Sobre As Coisas, de Georges Perec

...poderíamos dizer que esta história é uma história de horror

Parafraseando Auxlio Lacouture/Roberto Bolaño, poderíamos dizer que esta história é uma história de horror, mas não parecerá. Não parecerá porque esse é um dos narradores de Perec, um autor que sempre foi adepto do lúdico, da brincadeira, do desafio cerebral. Mas por trás do jogo, sem dúvidas há um universo tenebroso.

O romance segue a vida de um casal jovem, recém-casado, que terminara de sair da universidade e da vida estudantil em direção ao mercado de trabalho, Sylvie e Jerôme.

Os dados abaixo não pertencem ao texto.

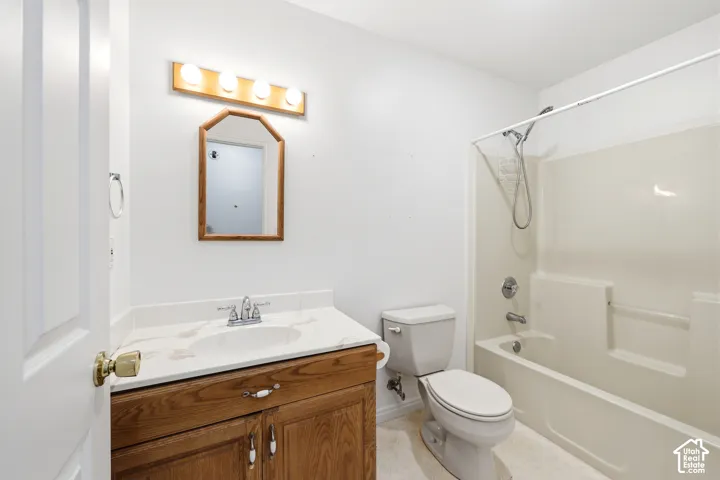 Bathroom featuring a vanity with wood-finish cabinetry, a white countertop with an integrated basin, a four-light vanity fixture, an octagonal wall-mounted mirror, and a combination bathtub and shower enclosure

Recusando o trabalho formal com horários fixos, vão vivendo enquanto podem por meios de bicos em pesquisas psicossociais, embriagados pelo desejo de serem ricos e se alimentando de todo o fulgor da publicidade. Seus sonhos são todos ocupados por pequenas ambições consumistas: ter um apartamento maior é a principal delas. Seu tempo livre é gasto com livros, filmes, discos, encontros e jantares com amigos. No mais, levam uma vida medíocre e de sonhos achatados. Cansados de Paris, viajam para a Tunísia em busca de uma vida mais exótica e com mais aventuras, mas só encontram o tédio e o peso de uma cultura achatada pelo desenvolvimento desigual. Ele tenta escrever um livro sobre suas paixões cinematográficas, mas não vai muito longe. Retornam à Paris, conformados e novamente felizes.

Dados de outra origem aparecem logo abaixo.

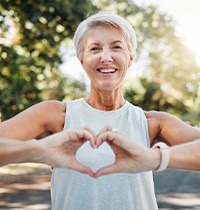 Lady makes shape of heart with her hands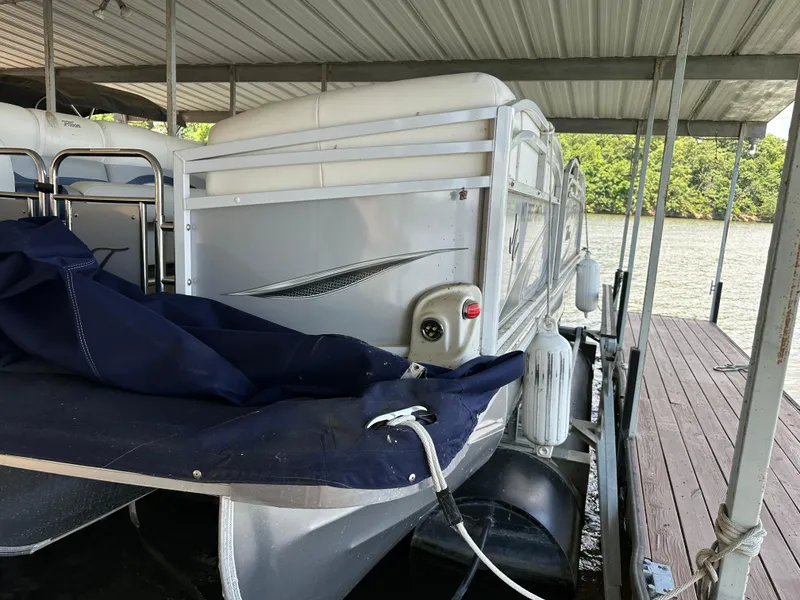 Slide: The Image of 2017 JC 25 Neptoon TT Sport pontoon boat docked under a covered structure. - 7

É uma radiografia do apagamento dos sonhos, da acomodação dentro da vida de consumo, do apequenamento das paixões e da aceitação de uma vida que não oferece aventuras, não oferece saída para fora do marasmo, só a mesquinharia dos dias. Poderíamos dizer que esse é um romance sobre a alienação na França dos anos 1960, e o encerramento com um trecho recortado de Karl Marx poderia dar força a esta interpretação, como se Perec mostrasse um caminho para além do realismo social panfletário e da construção de tipos planos, uma forma que pensa para além de formas e convenções estabelecidas pela literatura de esquerda da época, já que o romance se assemelha mais à um ensaio, um estudo em episódios dos quartos, salas, decorações e objetos adquiridos pelo casal e, por meio deles, o comportamento de uma geração. Como disse o próprio Perec em uma entrevista: “as coisas nos descrevem. Podemos descrever os seres através dos objetos, através do meio que os cerca e da maneira pela qual eles se deslocam nesse meio”.

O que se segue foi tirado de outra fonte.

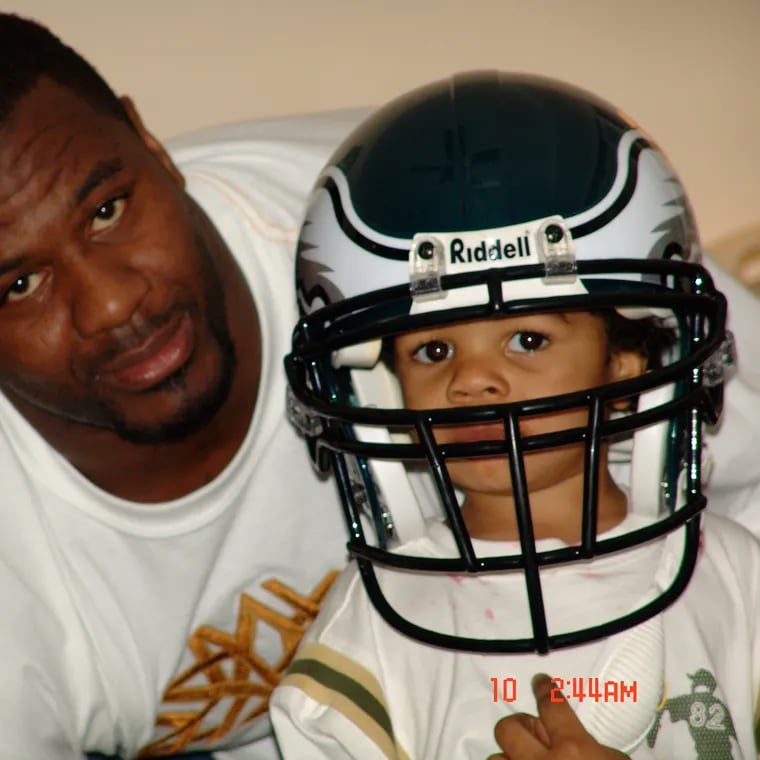 Jeremiah Trotter Jr. tries his dad's Eagles helmet on in Easter of 2005.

Não diria, ainda assim, que é de alienação que se trata, mas de um fenômeno novo, a colonização completa do inconsciente e da cultura pela máquina capitalista, que sobrecodifica subjetividades e torna tudo mera superfície. É um mundo infernal, não pálido, porque as mercadorias são coloridas, mas é de uma tristeza quase infinita. É desesperador.